Load the BAG dataset and explore some of its basic attributes:

In [3]:
bag = h5py.File('/ocean/sallen/allen/research/MEOPAR/chs_bathy/092B.bag')

In [5]:
print(type(bag))
print(bag.name)
print(bag.filename)

<class 'h5py._hl.files.File'>
/
/ocean/sallen/allen/research/MEOPAR/chs_bathy/092B.bag


In [7]:
for item in bag.items():
    print(item)
    
for value in bag.values():
    print(value)

('BAG_root', <HDF5 group "/BAG_root" (4 members)>)
<HDF5 group "/BAG_root" (4 members)>


In [8]:
list(bag['BAG_root'].items())

[('elevation', <HDF5 dataset "elevation": shape (337, 448), type "<f4">),
 ('metadata', <HDF5 dataset "metadata": shape (9730,), type "|S1">),
 ('tracking_list', <HDF5 dataset "tracking_list": shape (0,), type "|V20">),
 ('uncertainty', <HDF5 dataset "uncertainty": shape (337, 448), type "<f4">)]

The list above contains the 4 elements that the BAG specification tells us
should be in the file.

Note that under Python 3 the `h5py` library maked heavy use of `memoryview` objects
which are iterators.
The transformation to a `list` object above,
or the use of a `for` loop above that collects the items from the `memoryview`.

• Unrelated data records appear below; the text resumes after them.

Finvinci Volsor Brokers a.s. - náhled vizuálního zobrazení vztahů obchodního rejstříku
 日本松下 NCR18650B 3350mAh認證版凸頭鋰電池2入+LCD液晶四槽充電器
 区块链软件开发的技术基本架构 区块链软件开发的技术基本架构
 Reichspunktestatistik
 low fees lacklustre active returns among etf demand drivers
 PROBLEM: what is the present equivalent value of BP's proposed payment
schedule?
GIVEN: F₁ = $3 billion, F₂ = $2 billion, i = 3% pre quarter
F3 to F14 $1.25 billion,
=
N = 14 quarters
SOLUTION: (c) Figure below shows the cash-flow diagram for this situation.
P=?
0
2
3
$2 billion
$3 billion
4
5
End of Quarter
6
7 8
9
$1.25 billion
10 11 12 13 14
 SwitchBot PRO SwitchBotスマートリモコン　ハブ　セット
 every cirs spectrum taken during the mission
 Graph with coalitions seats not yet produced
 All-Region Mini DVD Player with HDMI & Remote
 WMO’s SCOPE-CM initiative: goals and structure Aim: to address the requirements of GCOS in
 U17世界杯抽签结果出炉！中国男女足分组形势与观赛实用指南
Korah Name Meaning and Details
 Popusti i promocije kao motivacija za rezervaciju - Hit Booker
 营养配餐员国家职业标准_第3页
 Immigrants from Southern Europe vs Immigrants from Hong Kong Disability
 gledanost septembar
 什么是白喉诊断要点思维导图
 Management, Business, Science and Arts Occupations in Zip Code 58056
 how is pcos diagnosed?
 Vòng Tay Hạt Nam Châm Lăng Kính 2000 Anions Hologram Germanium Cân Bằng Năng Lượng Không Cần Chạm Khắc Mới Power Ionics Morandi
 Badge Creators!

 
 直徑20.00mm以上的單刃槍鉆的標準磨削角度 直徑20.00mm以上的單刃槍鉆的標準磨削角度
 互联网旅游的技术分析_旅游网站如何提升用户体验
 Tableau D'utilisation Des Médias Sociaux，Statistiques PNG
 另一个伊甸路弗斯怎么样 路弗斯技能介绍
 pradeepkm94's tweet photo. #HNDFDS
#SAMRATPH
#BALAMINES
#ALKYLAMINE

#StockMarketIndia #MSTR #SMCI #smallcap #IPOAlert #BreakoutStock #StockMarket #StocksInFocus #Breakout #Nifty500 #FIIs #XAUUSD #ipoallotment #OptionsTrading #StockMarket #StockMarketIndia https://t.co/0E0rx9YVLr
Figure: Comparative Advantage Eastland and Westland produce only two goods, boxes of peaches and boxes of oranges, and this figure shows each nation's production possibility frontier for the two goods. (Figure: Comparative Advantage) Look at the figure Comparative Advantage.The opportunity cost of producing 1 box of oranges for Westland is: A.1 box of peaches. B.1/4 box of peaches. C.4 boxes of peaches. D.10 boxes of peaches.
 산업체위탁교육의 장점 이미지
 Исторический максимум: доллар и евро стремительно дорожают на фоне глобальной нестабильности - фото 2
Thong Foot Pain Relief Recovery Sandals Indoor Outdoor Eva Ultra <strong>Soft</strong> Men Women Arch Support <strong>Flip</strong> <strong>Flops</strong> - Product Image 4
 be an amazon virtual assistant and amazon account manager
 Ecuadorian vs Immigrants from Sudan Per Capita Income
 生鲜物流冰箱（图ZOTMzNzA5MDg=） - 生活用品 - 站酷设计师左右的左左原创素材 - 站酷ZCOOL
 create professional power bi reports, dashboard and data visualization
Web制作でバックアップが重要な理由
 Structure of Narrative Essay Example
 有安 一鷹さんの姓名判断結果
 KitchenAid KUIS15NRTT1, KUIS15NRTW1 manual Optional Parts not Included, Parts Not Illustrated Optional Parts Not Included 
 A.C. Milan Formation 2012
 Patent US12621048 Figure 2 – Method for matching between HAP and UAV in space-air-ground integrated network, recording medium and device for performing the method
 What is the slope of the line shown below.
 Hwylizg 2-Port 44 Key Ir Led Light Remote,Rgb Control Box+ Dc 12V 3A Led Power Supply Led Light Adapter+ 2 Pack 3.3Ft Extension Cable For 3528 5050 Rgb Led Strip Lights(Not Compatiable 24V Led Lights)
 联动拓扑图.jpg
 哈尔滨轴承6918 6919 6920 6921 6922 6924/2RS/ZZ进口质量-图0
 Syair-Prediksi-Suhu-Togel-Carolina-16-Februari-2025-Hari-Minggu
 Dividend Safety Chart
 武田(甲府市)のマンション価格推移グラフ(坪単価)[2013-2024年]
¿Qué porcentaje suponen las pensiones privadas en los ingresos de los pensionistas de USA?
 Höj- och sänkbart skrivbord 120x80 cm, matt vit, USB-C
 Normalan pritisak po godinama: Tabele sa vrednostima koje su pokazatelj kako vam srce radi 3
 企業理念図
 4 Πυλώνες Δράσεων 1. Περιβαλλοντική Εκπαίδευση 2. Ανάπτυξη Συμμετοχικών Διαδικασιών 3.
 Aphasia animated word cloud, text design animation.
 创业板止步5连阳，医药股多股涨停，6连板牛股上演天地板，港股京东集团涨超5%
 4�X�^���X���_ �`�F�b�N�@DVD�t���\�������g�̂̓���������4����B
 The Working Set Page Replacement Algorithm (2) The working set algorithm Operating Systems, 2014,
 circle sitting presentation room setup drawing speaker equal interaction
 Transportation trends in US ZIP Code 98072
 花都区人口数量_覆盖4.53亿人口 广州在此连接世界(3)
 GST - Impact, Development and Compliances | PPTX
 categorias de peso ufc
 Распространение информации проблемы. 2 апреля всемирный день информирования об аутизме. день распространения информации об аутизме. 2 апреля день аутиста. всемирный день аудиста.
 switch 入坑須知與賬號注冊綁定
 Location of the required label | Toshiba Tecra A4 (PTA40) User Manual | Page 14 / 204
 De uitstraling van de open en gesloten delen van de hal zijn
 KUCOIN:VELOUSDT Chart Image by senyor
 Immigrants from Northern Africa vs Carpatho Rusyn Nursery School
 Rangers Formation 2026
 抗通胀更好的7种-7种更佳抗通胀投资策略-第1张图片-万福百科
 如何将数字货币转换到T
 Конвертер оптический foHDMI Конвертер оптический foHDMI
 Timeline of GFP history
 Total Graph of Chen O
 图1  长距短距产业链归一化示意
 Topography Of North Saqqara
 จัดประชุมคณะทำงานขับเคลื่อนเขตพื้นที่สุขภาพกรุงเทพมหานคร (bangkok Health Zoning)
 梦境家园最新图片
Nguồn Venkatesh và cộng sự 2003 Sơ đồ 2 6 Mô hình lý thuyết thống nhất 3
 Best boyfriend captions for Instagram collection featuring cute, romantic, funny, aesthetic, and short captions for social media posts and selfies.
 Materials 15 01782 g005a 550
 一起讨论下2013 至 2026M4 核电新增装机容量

One odd thing to note is that the metadata is stored as a collection of 1-character strings
which turn out to be single bytes in Python 3.
We're going to have to do something about that...

Peeling away the HDF5 group layer:

In [9]:
root = bag['BAG_root']
print(root.name)
print(root.parent)
list(root.items())

/BAG_root
<HDF5 group "/" (1 members)>


[('elevation', <HDF5 dataset "elevation": shape (337, 448), type "<f4">),
 ('metadata', <HDF5 dataset "metadata": shape (9730,), type "|S1">),
 ('tracking_list', <HDF5 dataset "tracking_list": shape (0,), type "|V20">),
 ('uncertainty', <HDF5 dataset "uncertainty": shape (337, 448), type "<f4">)]